__Data provided__:

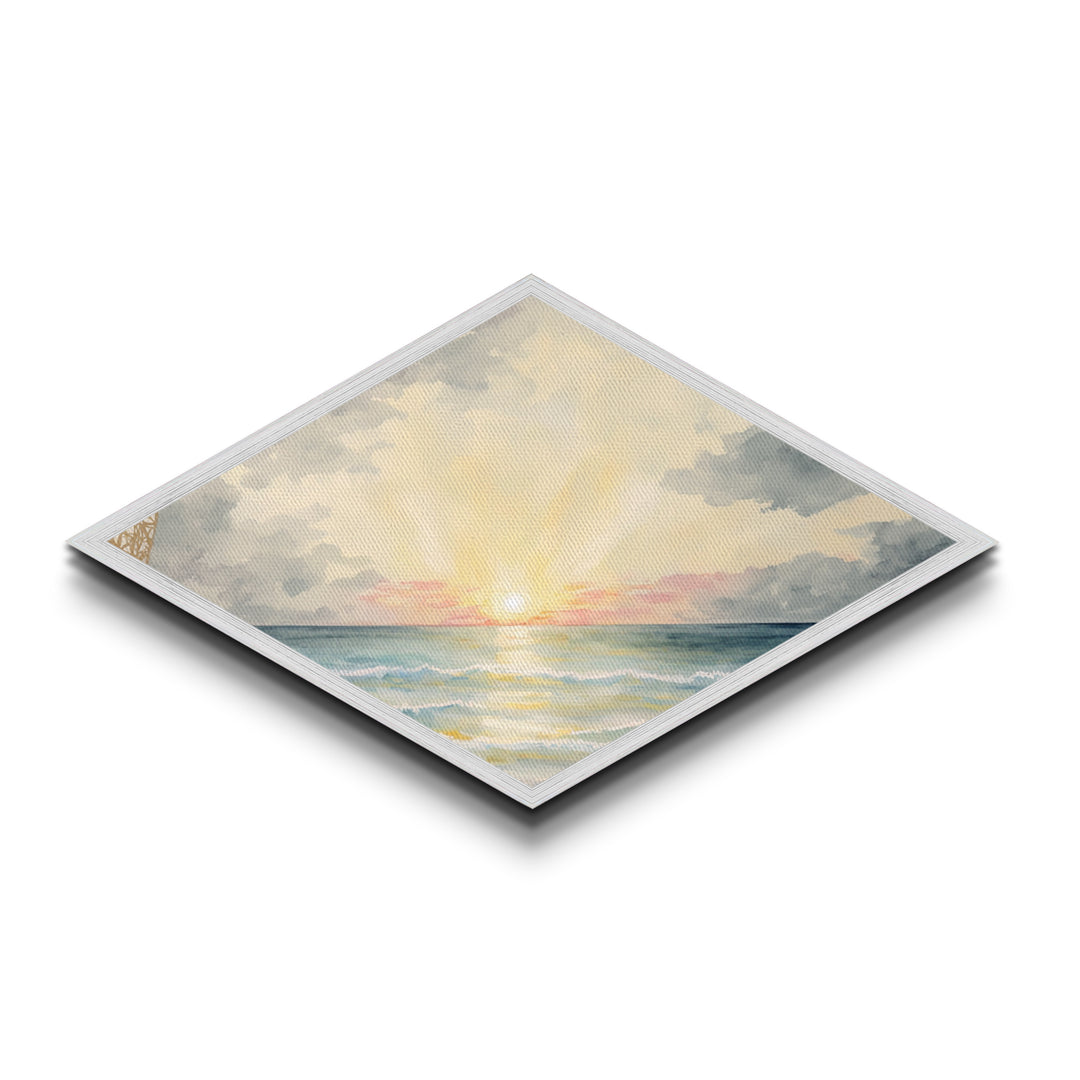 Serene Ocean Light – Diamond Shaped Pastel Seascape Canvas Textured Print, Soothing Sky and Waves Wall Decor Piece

---

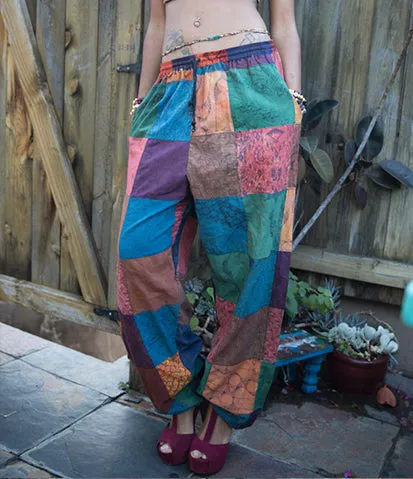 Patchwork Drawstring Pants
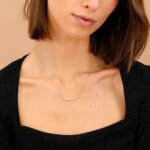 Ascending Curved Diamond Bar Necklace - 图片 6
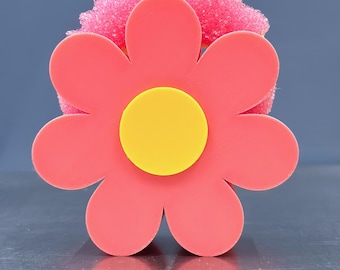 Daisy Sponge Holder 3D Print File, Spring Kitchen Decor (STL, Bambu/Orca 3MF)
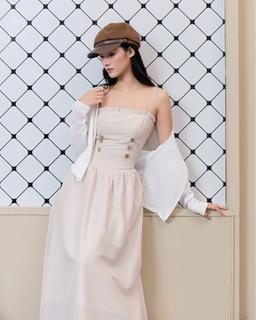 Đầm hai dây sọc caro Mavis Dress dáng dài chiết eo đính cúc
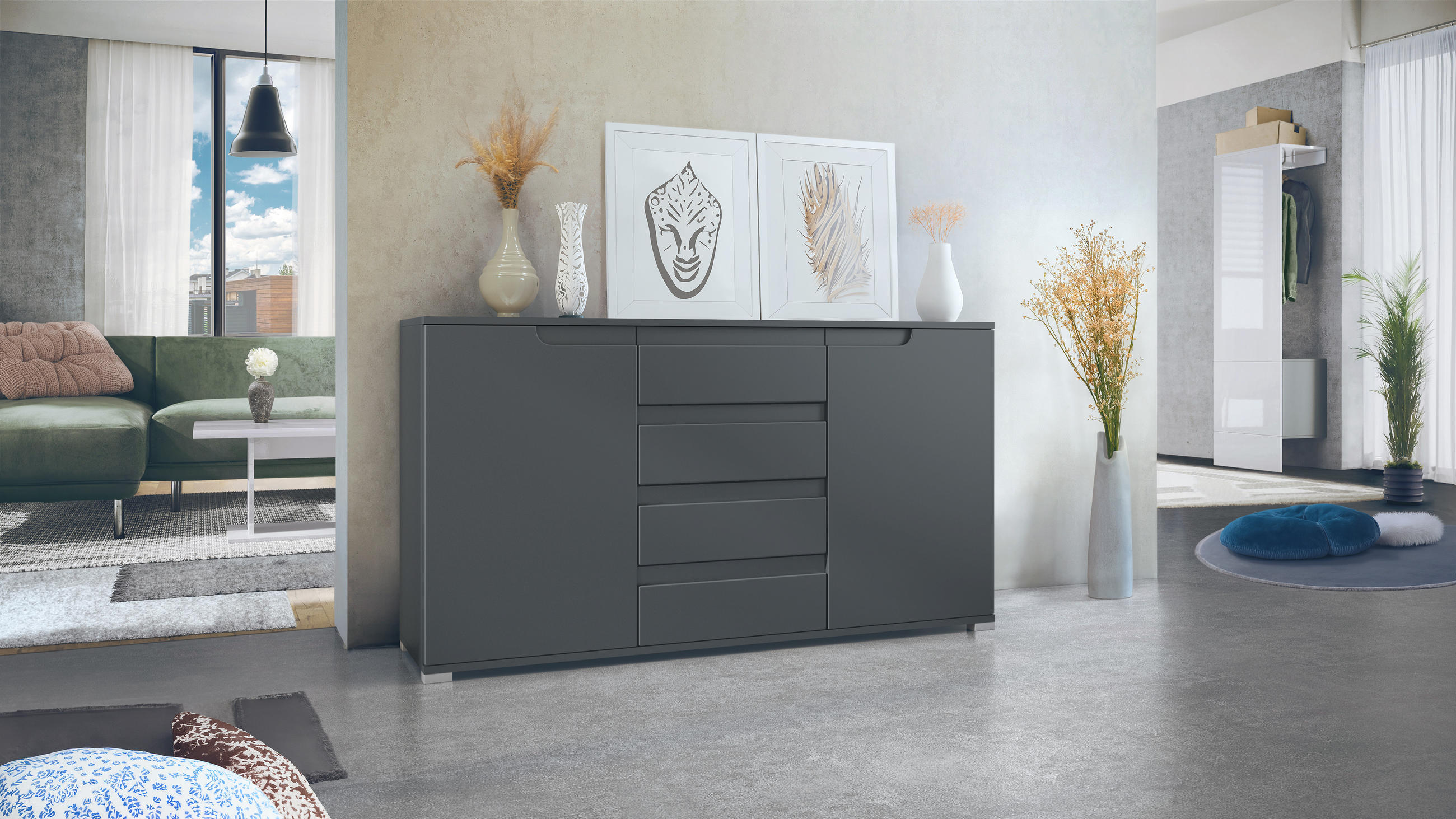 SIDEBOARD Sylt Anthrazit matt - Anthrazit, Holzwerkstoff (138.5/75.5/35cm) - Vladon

--

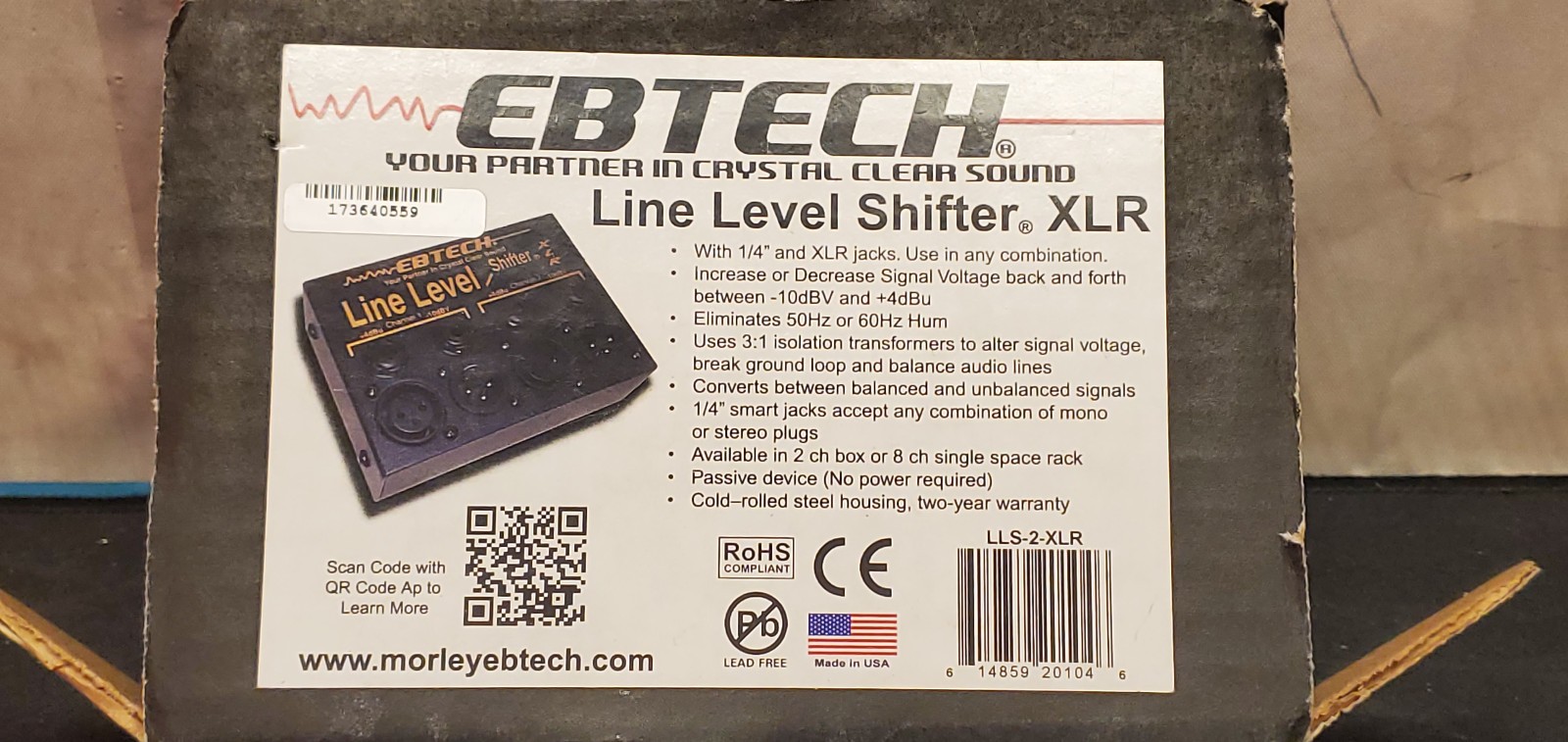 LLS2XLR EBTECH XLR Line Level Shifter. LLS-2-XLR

__Directions__:
Given the entries above, transcribe exactly the lines from the one holding "Đầm hai dây" through the one holding "SIDEBOARD Sylt Anthrazit"; pictures do not belong in the transcription.

__Exercise result__:
 Đầm hai dây sọc caro Mavis Dress dáng dài chiết eo đính cúc
 SIDEBOARD Sylt Anthrazit matt - Anthrazit, Holzwerkstoff (138.5/75.5/35cm) - Vladon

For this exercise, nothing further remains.